I knew the yard many years ago when it was owned by larger-than-life Cypriot Michael Mouskos, and when Dave Thom trained from it. I got to know Michael and his family quite well and it was with more than a little surprise when I went to see him in his house in Hampstead to find another Michael, none other than Dickinson, in temporary residence.
“Are you staying?” asked the eventually-to-be “Mad Genius” of US Flat racing, to which I replied: “About an hour”. The meeting must have gone well for the two Michaels as soon after, Mouskos’s great chaser Captain John joined the Dickinsons and was second to Bregawn in that never to be forgotten Famous Five(first five home in the Cheltenham Gold Cup).
Noel Quinlan rarely races in that high altitude, but he knows his onions and the last two horses he’s mentioned to me – and with my self-confessed non-punting hat on immediately forgotten – both bolted in, including in the last at Wolverhampton yesterday. I think he’s nice to me partly because I convinced my boss Mr Tooth to send him Park Lane to train, which he did to the tune of winning us a seven-grand race. Then when he had outlived his time for Raymond, did the deal for Noel to keep him for daughter Jessica to ride.

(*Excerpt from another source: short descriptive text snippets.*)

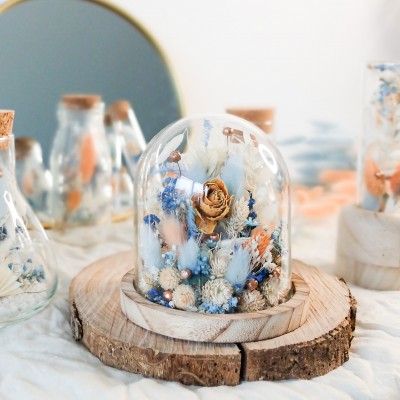 Cloche en verre et base en bois contenant des fleurs séchées blanches, pêche et bleu ciel. Petit format. Collection Pêche Bleue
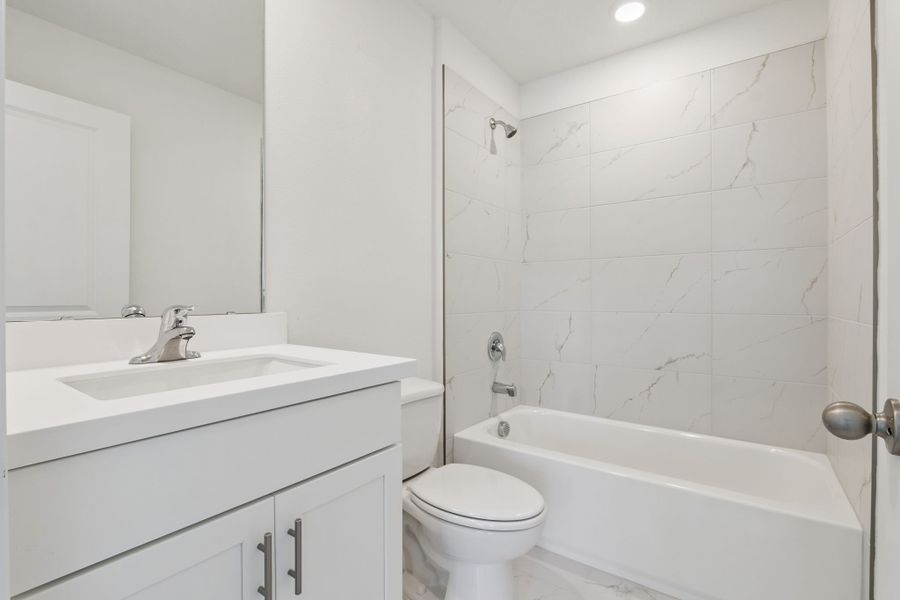 Representative furnished interior of a home built from the Clementine by Hartizen Homes in Eden Crest, Apopka (Image 13).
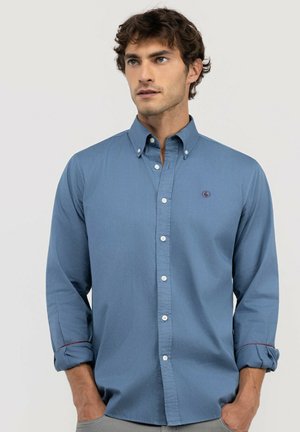 Hombre con una camisa azul abotonada, con las mangas remangadas, de pie con las manos en los bolsillos, mirando ligeramente hacia la derecha.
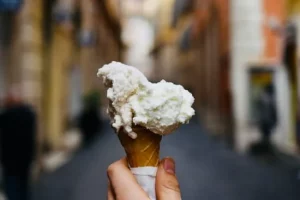 an ice cream being held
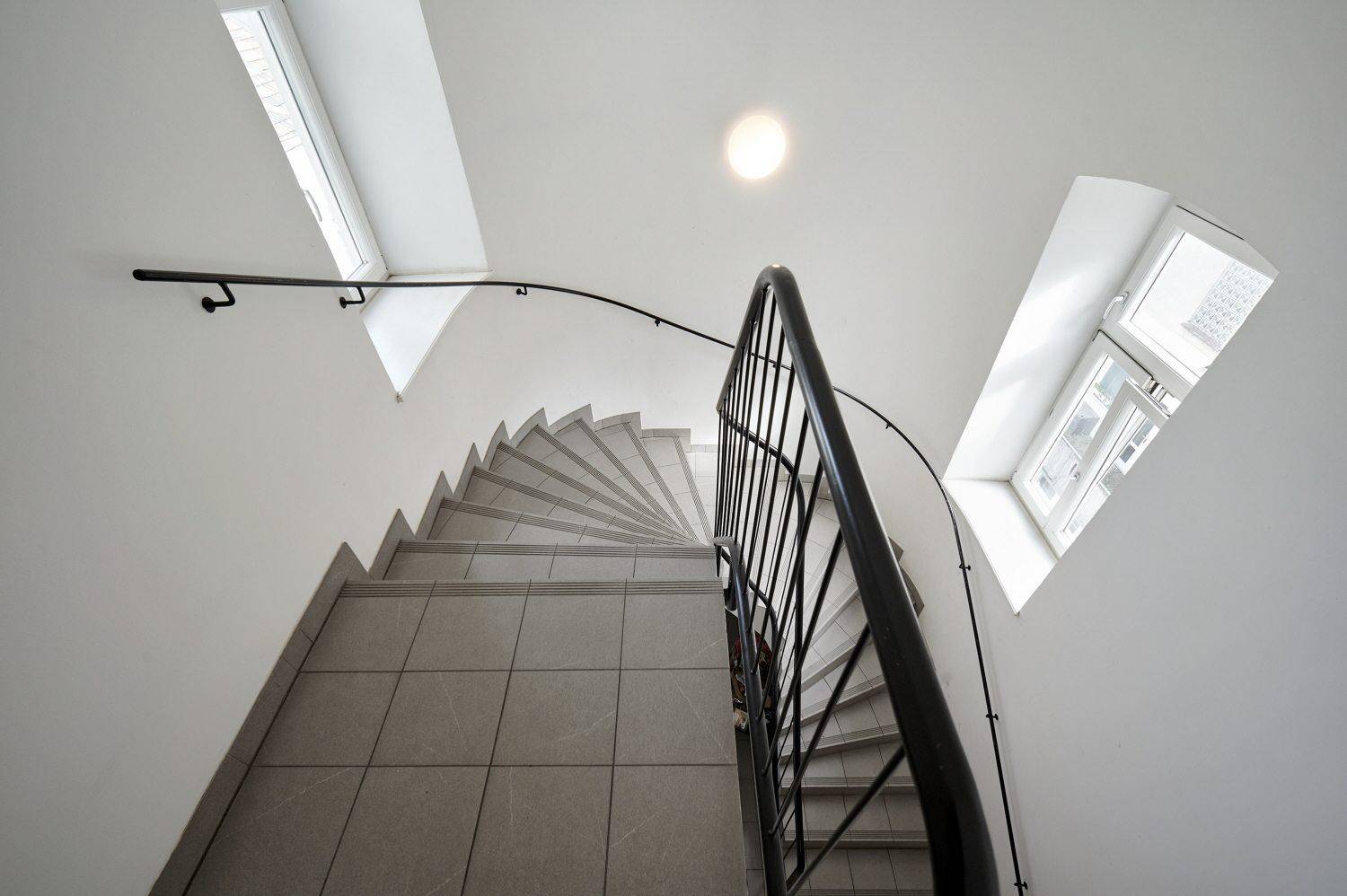 Modernes Treppenhaus mit gefliesten Stufen, elegantem Geländer und natürlichem Licht durch Dachfenster.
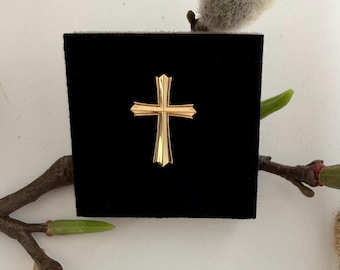 May include: A polished gold-tone cross pin featuring a sleek, multi-faceted design with sharp, tapered edges. The cross is centered on a square, black velvet-textured display card, creating a high-contrast look with its reflective metallic surface.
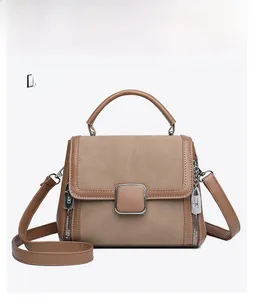 Detail of khaki leather handbag featuring square metal buckle and zipper lock accents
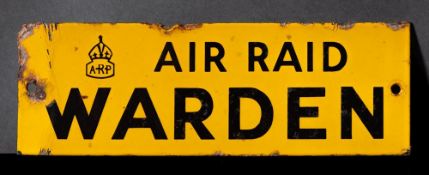 A WWII enamel door sign 'ARP. Air Raid Warden': black text on yellow ground, 7.6 x 22.7cm.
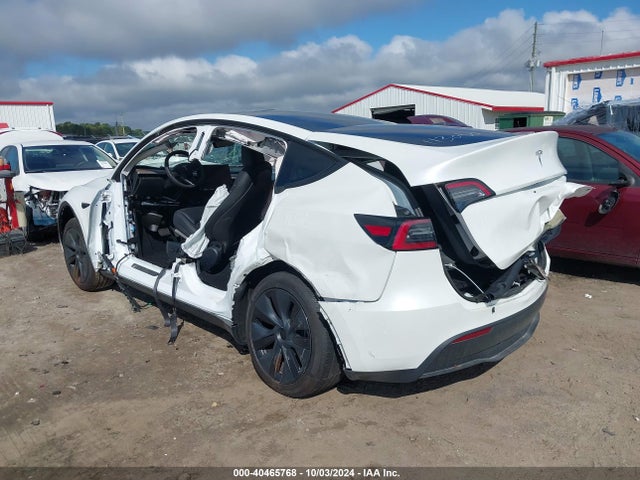 2024 TESLA MODEL Y 7SAYGDED4RF113050 Photo 2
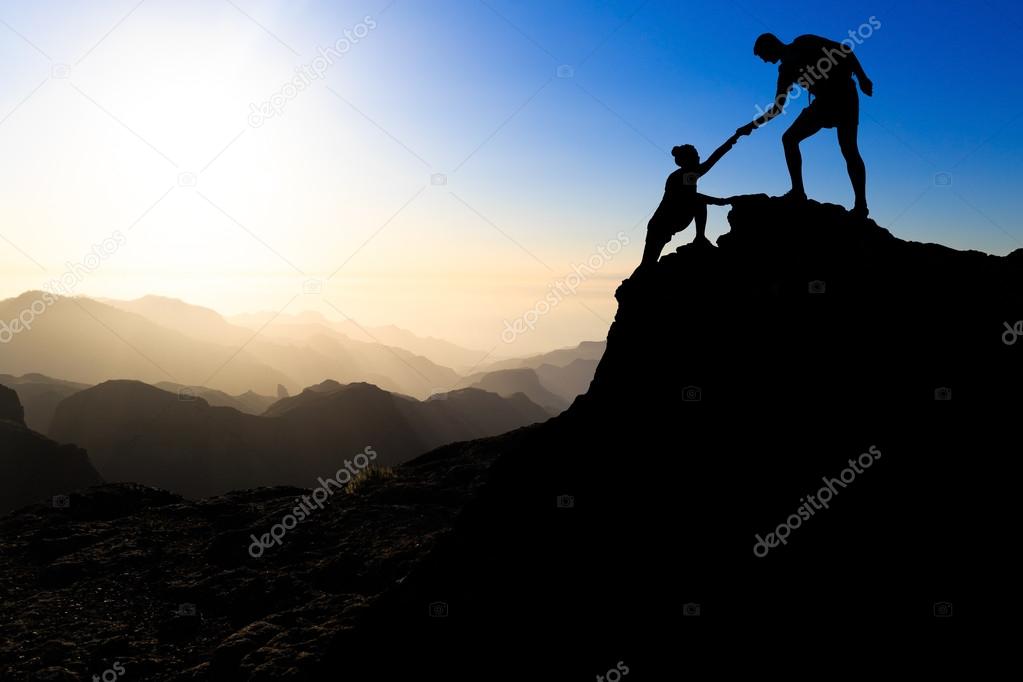 Teamwork couple hiking helping hand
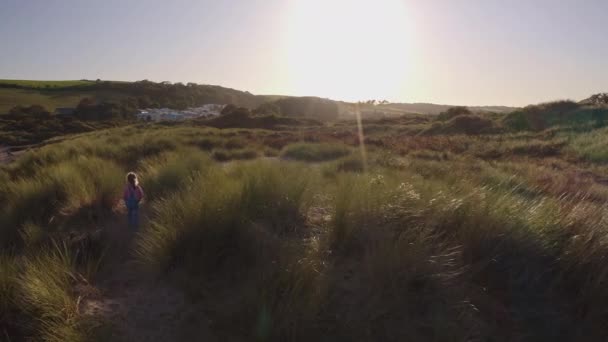 在炎炎烈日下的暑假里在沙丘中玩耍的小女孩的无人驾驶镜头 — 图库视频影像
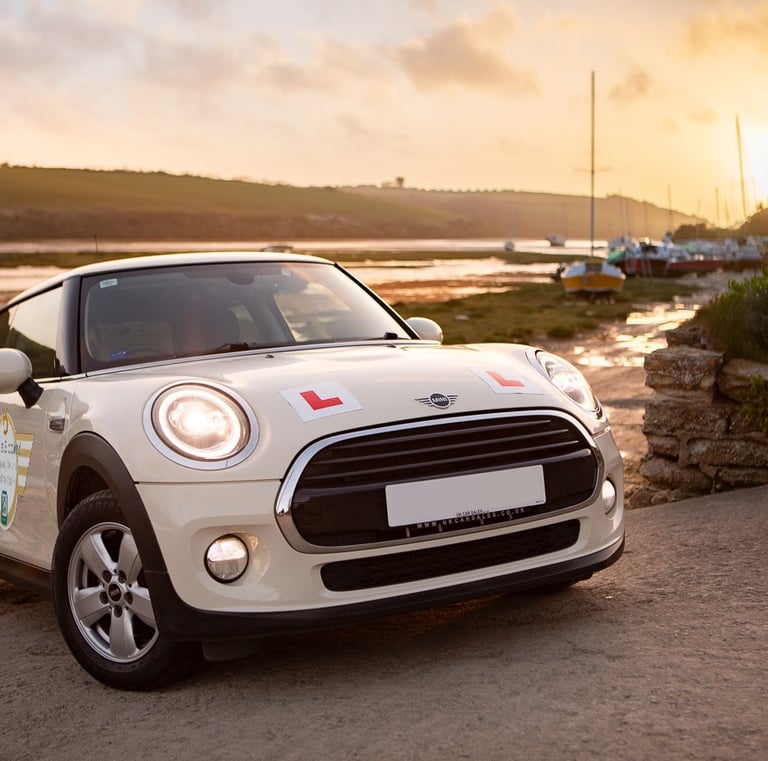 White Mini Cooper driving school car with L-plates parked at a coastal harbor at sunset.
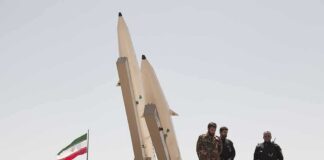 Trump Makes Bold Claims on Iran and Ukraine Soldiers stand beside large missiles at an outdoor display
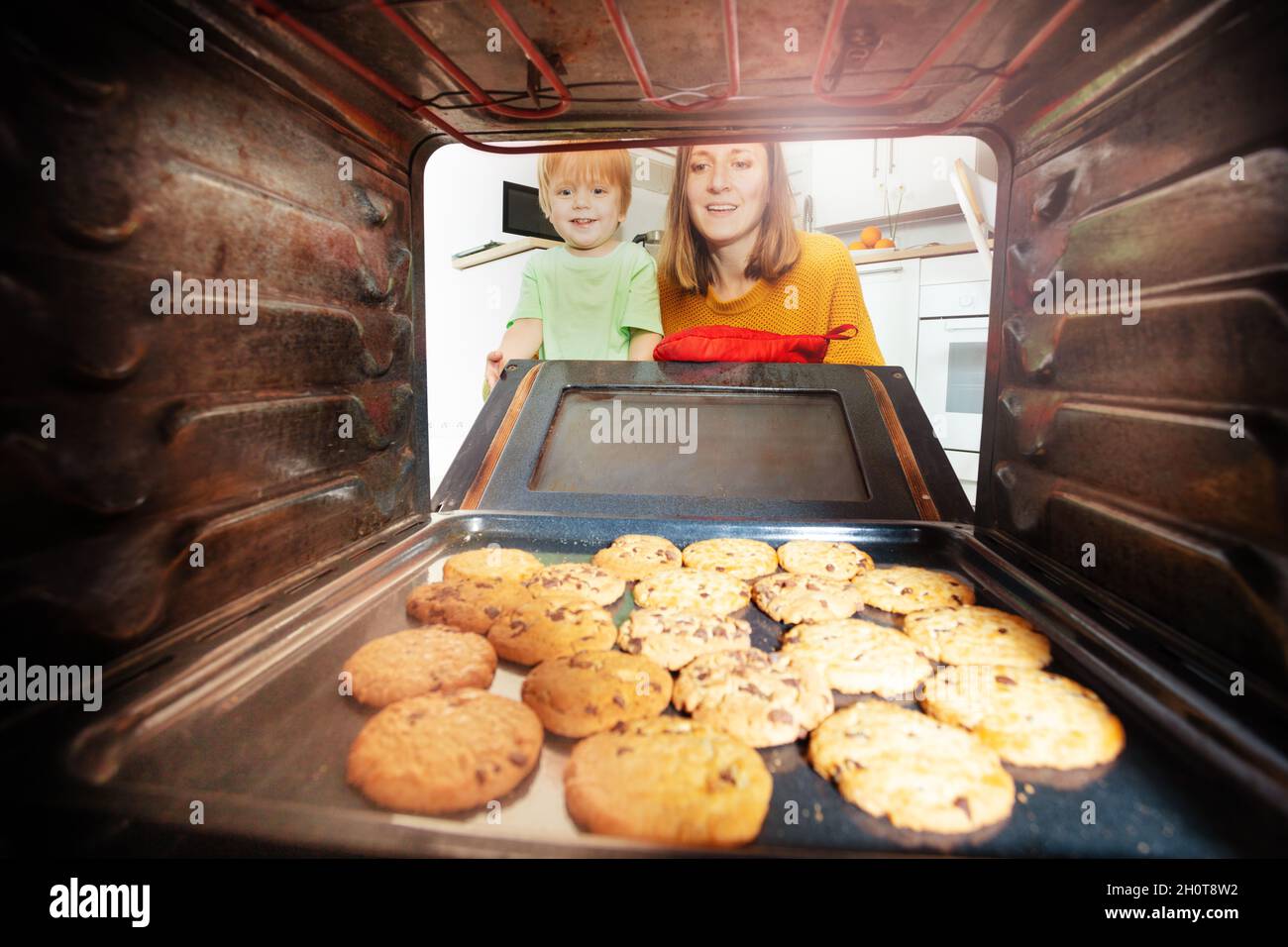 Mother and child open oven door, look at biscuits Stock Photo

Day one at Cottenham – supposed to go but couldn’t make it – back in November, he ran a blinder in a strong Ladies’ open with Jess apparently very tidy on her own debut – although she was less complimentary.
This time, though, it’s a novice riders, and the Quinlan clan will be out in force. I’m to get to the A10 towards Ely nice and early, look for a cluster of tall horsey men with Irish accents and partake of the victuals. Park Lane should win, and while Jess has limited racecourse experience, she’s a talented young three-day event rider and has been on horses, like brother Jack, since birth. Mum Jo would have it no other way.
There are few things that confuse the Racing Post, not least John Randall – yes, him again – but the Quinlans do. On the day they moved, elder brother Michael was in the yard and I called out: “Happy birthday Mick, 55 again”. That’s Noel!” he said, just as for years, when for whatever accounting reason Mick rather than all-action Noel had the licence, Noel’s picture would adorn a story recounting “Mick” Quinlan’s winner.
My clan was out in force yesterday when for the first time in ages my three kids and all their offspring, five soon to be six, gathered for the youngest’s wedding in the lovely Marylebone Town Hall registry office, scene for two of Macca’s weddings I hear.
It was a smashing ceremony, with the elder daughter coming over from her home in Dallas with her two and doing the photographic honours. Then it was off to the City for a great Italian lunch and with not enough room in the cabs, I employed my Freedom pass (buses, tubes and some trains free) from Baker Street to Moorgate, with eldest grandson Joseph (born during the night after Entrepreneur won the Guineas for Michael Tabor) insisting on coming along with the old boy.
He’s 15, so that was £2.10 well spent, and this good-looking young chap, wearing his suit with a prominent red rose on the lapel marvelled that no one seemed to notice. He was keen to tell “Bubba”, his name for me when it was almost the first word he’d spoken, that he’s in the school production of Footloose – “but I’m not gay!”
After the food, I felt like an hour’s break before sampling some of the evening festivities with a cast of 130 arranged, like lunch, by number one (of one) son, so I caught a bus, all the time getting intel from a pal from the Arsenal – Newcastle game. At 4-3 his battery ran out, so it was not until I sat down at home five minutes after the game ended, that I learned of a 7-3 win. Early to bed, so I could get this done, and now I’m off to Cottenham with stout shoes for Park Lane. Tomorrow the world.